I’ve Made a Collage Every Day for 235 Days. This Is What It Taught Me.

For the past 235 days, I’ve made a collage at the end of every single day.

Not for Instagram.
Not for anyone else.
Just for me.

I didn’t begin with a grand vision. There was no end goal, no creative challenge, no plan to turn it into something bigger.

I started because I felt lost.


My life had shifted in ways I never would have predicted. The future I had once pictured so clearly was no longer the one unfolding in front of me. I found myself suspended in a strange space between what I thought would happen and what actually did.

In some moments, I felt hopeful. In others, I found myself grieving the life I had imagined for myself.

I didn’t know what was next, and that uncertainty was deafening.


The Moments In Between

We’ve become so accustomed to measuring our lives in milestones. Graduation. A job. A promotion. Marriage. A house. A family. A Plan.

There’s comfort in these milestones. They give us direction. They give us something to point to when someone asks us, “What’s next?”

But what happens when you don’t know the answer?

For a while, that question made me feel small. It made me feel behind, especially as I watched others around me reach the milestones I once thought I would, too. I felt like I had somehow gone backwards, and it left me wondering if I was wasting time, if I was disappointing people, if I was disappointing myself.

For the first time in a long time, I didn’t have a clear milestone to chase. No obvious chapter beginning. Nothing steady to move toward.

I felt like I was floating.


Something Smaller

So one day, instead of trying to map out the next five years, I tried something smaller.

I decided that every single day, I would take photos of the things that made me happy, however small or seemingly insignificant. My morning coffee. Lighting a candle. Playing with Olive. Cooking dinner. A sunset. A walk with a loved one.

A quiet morning, sipping my cup of coffee before a busy day.

No day was too busy, too ordinary, or too hard.

Even on the days I felt overwhelmed with work, emotionally messy, or physically off, I would still pull out my phone and capture something. Not to post, not to prove anything. Just to take notice. I’ve realized that even on my lowest days, there is always something worth holding onto.

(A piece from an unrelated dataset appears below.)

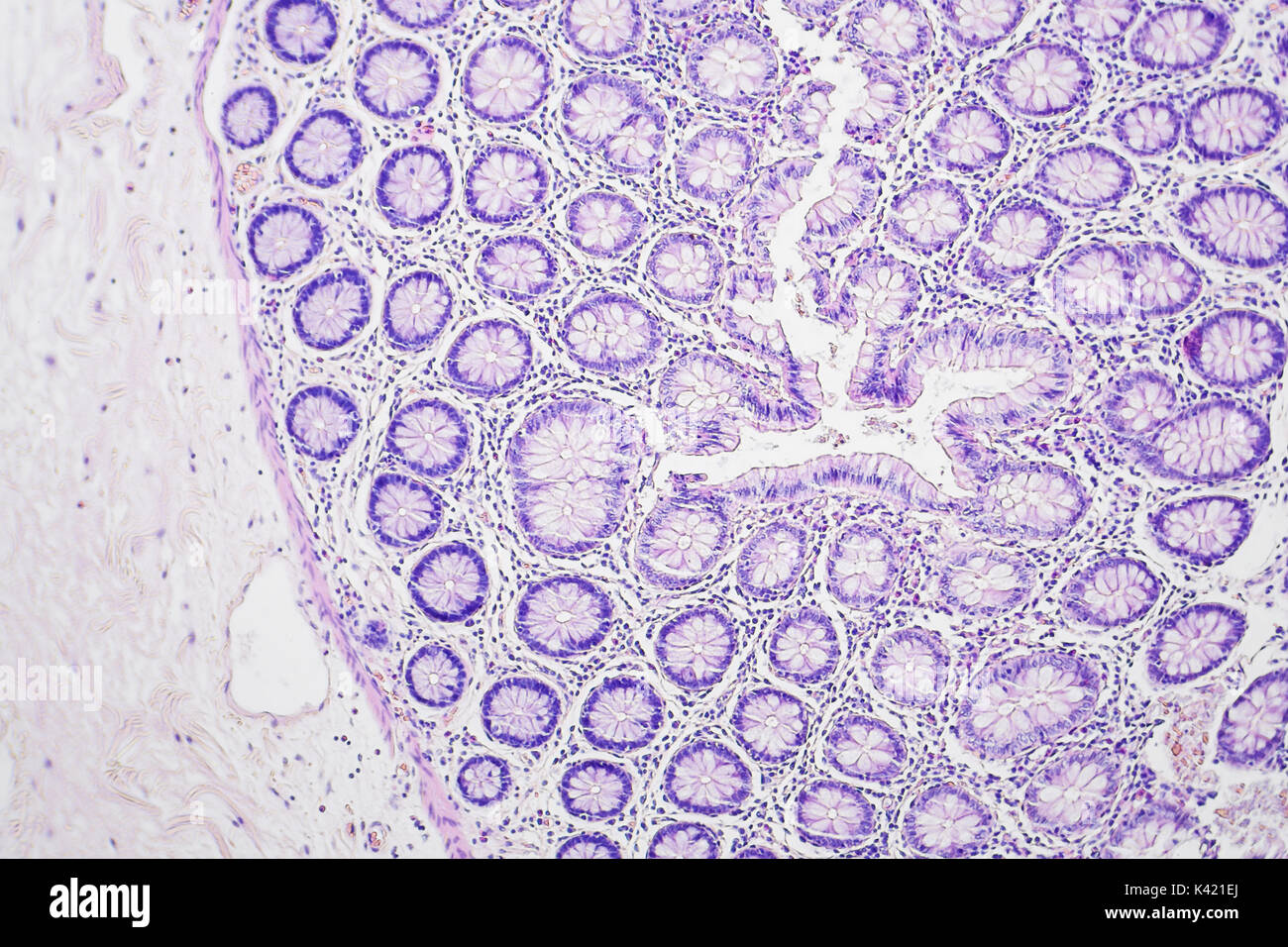 La photographie microscopique du cancer du côlon, grossissement x100 Banque D'Images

Some days are obviously joyful, holidays with family, a fancy dinner, travel, big celebrations. But those aren’t my favorite collages.

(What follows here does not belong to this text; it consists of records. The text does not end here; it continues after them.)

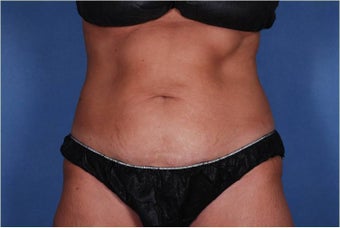 Liposonix to Abdomen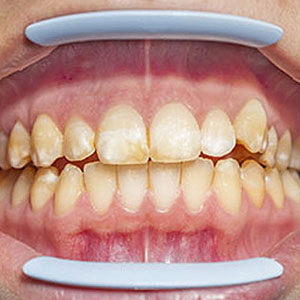 Model of less visible braces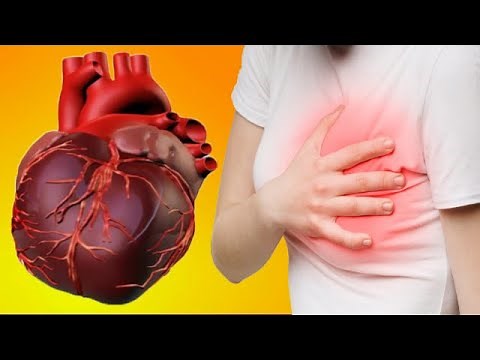 Sharp Stabbing Chest Pain That Comes And Goes: Causes And Treatment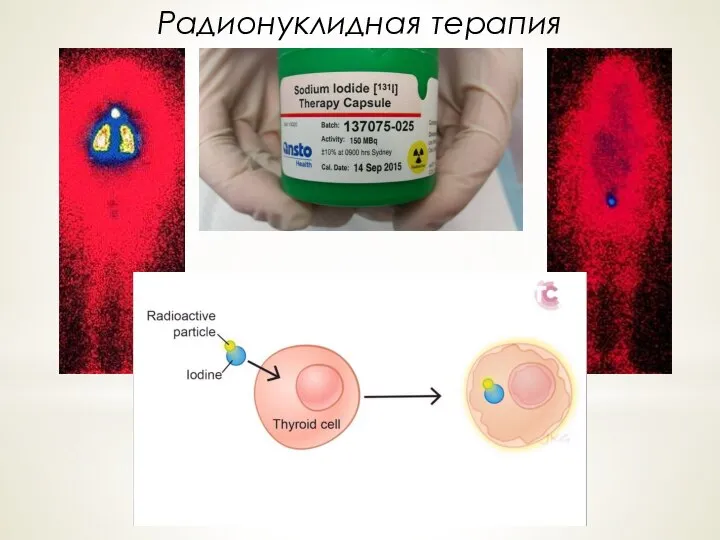 Радионуклидная терапия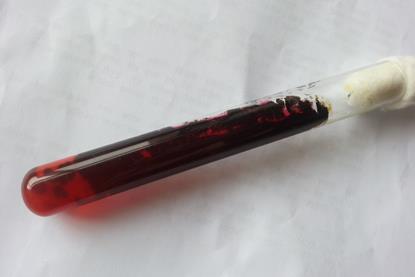 Ochroconis_gallopava_growth_on_SDA_after_4_days_of_incubation_showing_red_to_maroon_pigment_around_the_colony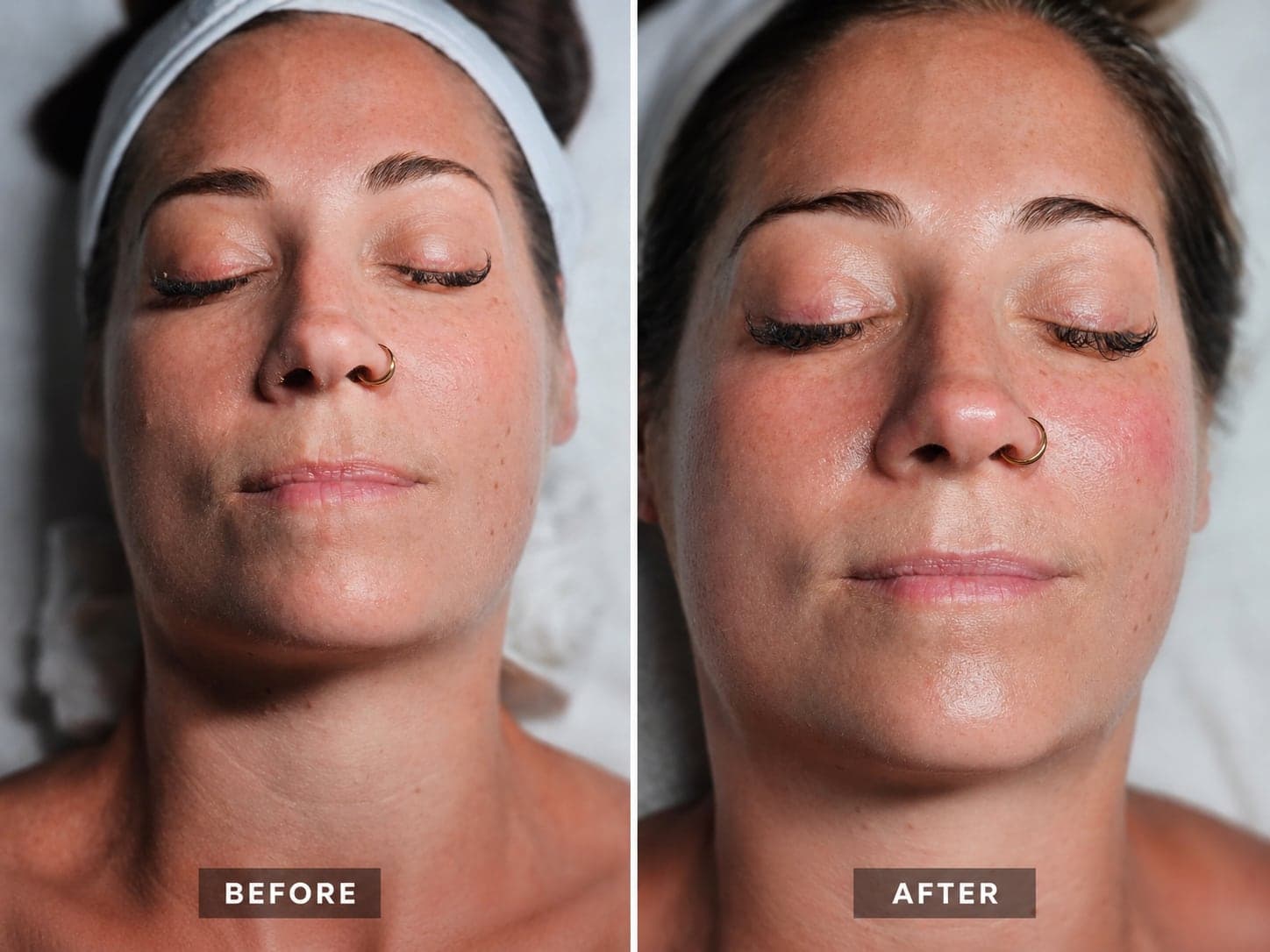 Before and after a facial at Harav Salon & Spa in Winnipeg — skin visibly brighter and more hydrated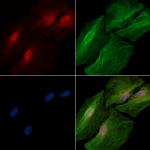 Phospho-STAT2 (Thr387) Polyclonal Antibody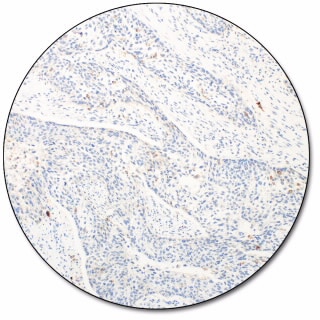 PD-L1 IHC 28-8 pharmDx for Autostainer Link 48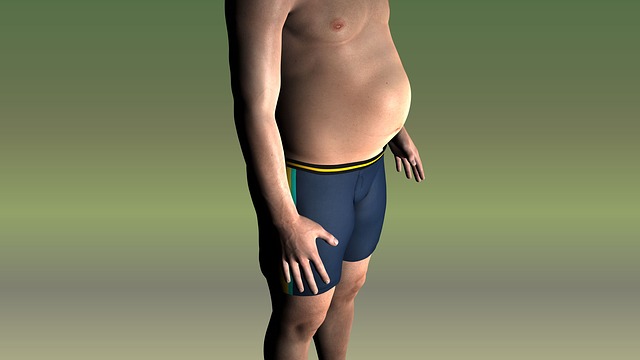 Абдоминальное ожирение: что это такое и как избавиться от проблемы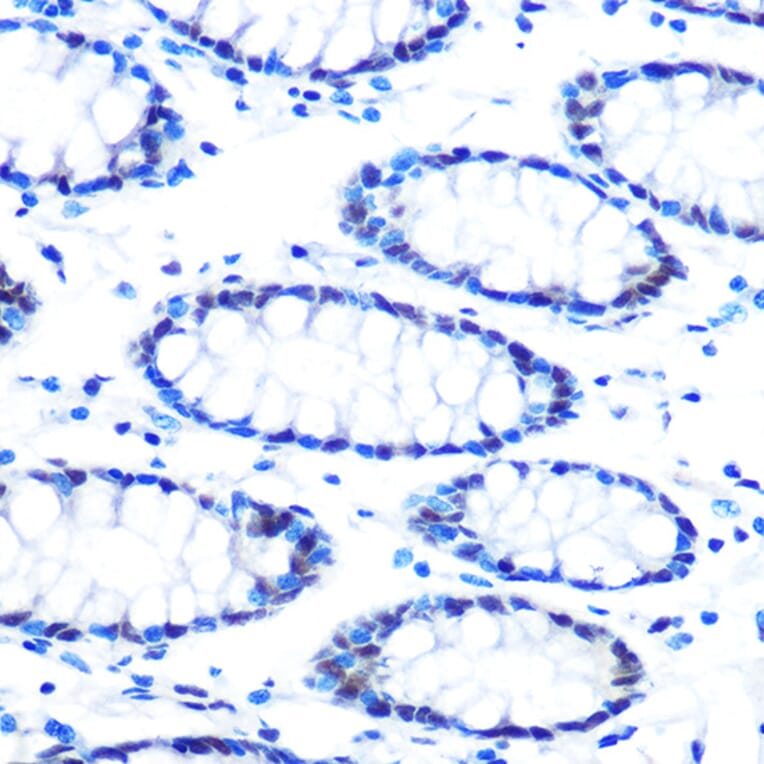 Immunohistochemistry - Anti-mSin3A Antibody [ARC0745] (A309217) - Antibodies.com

My favorites are the quiet ones. A soft morning sunrise. An evening snuggled up on the couch. Olive sniffing the brisk air out the car window.


Seeing the Bigger Picture

When I look back at 235 days of collages, I don’t see stagnancy. I don’t see someone without direction. I don’t see someone who is “behind.”

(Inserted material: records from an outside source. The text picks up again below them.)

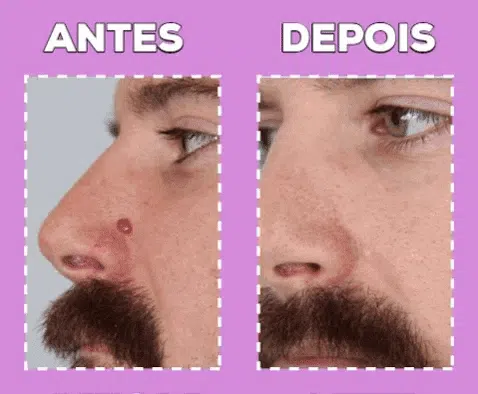Removedor de Verrugas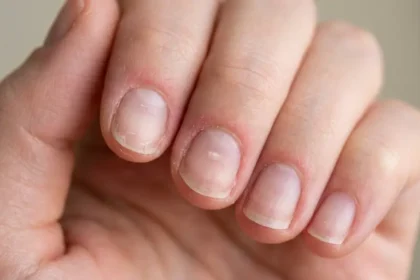 Thin, sensitive natural fingernails with mild redness after acrylic nail removal.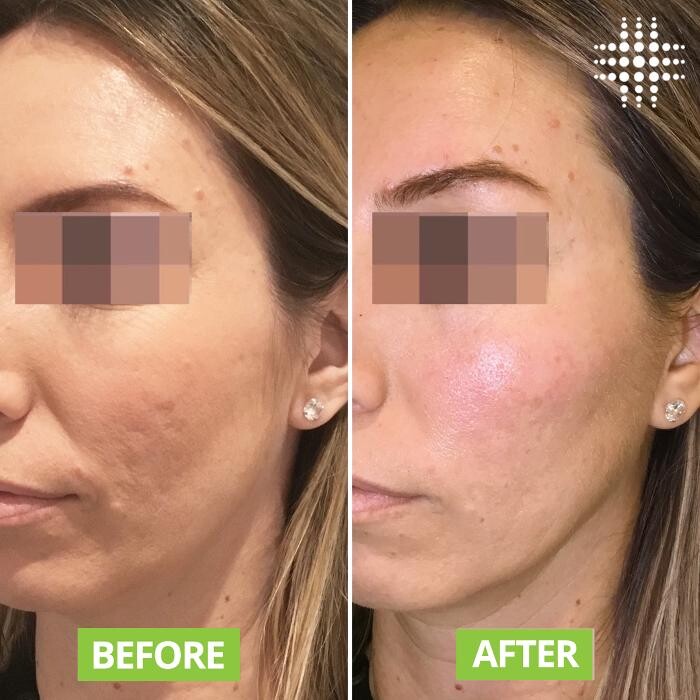 Images Results Laser Clinic Melbourne CBD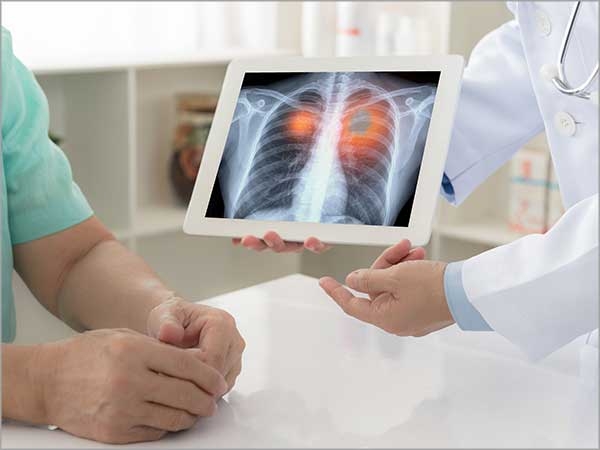 lung cancer treatment in chennai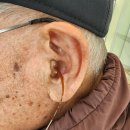 대동 독일보청기 이미지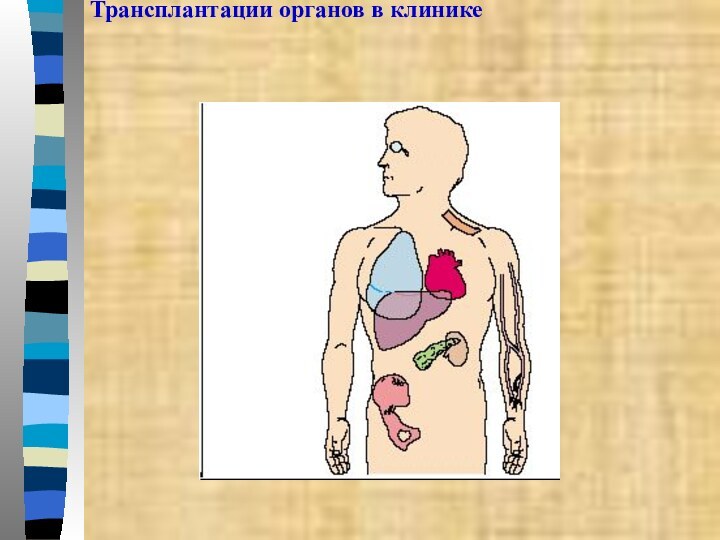 Трансплантации органов в клинике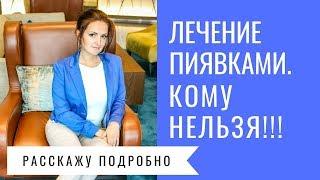 Основные противопоказания для лечения пиявками.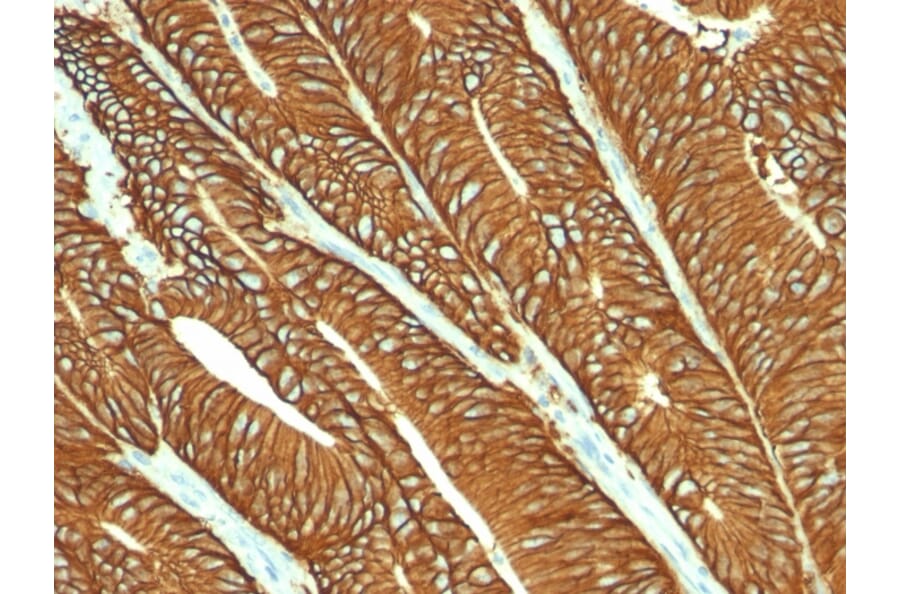 Immunohistochemistry - Anti-EpCAM Antibody [MOC-31] - BSA and Azide free (A252436) - Antibodies.com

I see love. I see my home taking shape. I see someone who is trying new things. I see over a thousand small moments that, together, make up a life.

Zooming out allowed me to see the individual stitches, the routines and ordinary rituals that quietly carried me forward through a season of uncertainty. It helped me see who I was becoming and what I was building, even when in the moment it didn’t feel like much at all.

It made me realize something.

When you zoom out, the small things become the big things.

We’re always told, “You don’t know what you have until it’s gone.” Maybe that’s because we don’t fully appreciate what’s right in front of us, or because we assume it will always be there. We’re so busy sprinting toward what’s next that we overlook the very things shaping us along the way. We move so quickly that even the extraordinary starts to feel ordinary.

This practice slowed me down.

It helped me understand what actually matters to me. Not what looks impressive. Not what checks a societal box. Not what earns validation.

Just the quiet rhythms that make up my days.


Perhaps Ordinary is Extraordinary

On the nights when I feel like I’m not doing enough, I scroll through my album of collages.

It reminds me that I am living. That I am building something, even if I can’t yet name it. That I already have so much to be grateful for. The small things I love are not distractions from my life. They are my life.

I still don’t know exactly what the next milestone is, but I’m no longer panicking about it the way I used to. I trust that if I keep living in ways that make me proud, appreciating what I have and trying new things, life will carry me where I’m meant to go.

If 235 days have taught me anything, it’s this:

A life doesn’t become meaningful at a finish line. It becomes meaningful in the accumulation of ordinary, beautiful days.


So, “What’s Next?”

I still don’t have the answer. But I no longer feel the weight of being behind. I don’t measure myself against someone else’s timeline or rush toward something just because I think I should. Life doesn’t always unfold the way we plan it to.

And instead of feeling like a failure, I feel open. The world feels wide. I’m not locked into a single path. There are so many ways this life could unfold.

And for the first time in a long time, that feels exciting.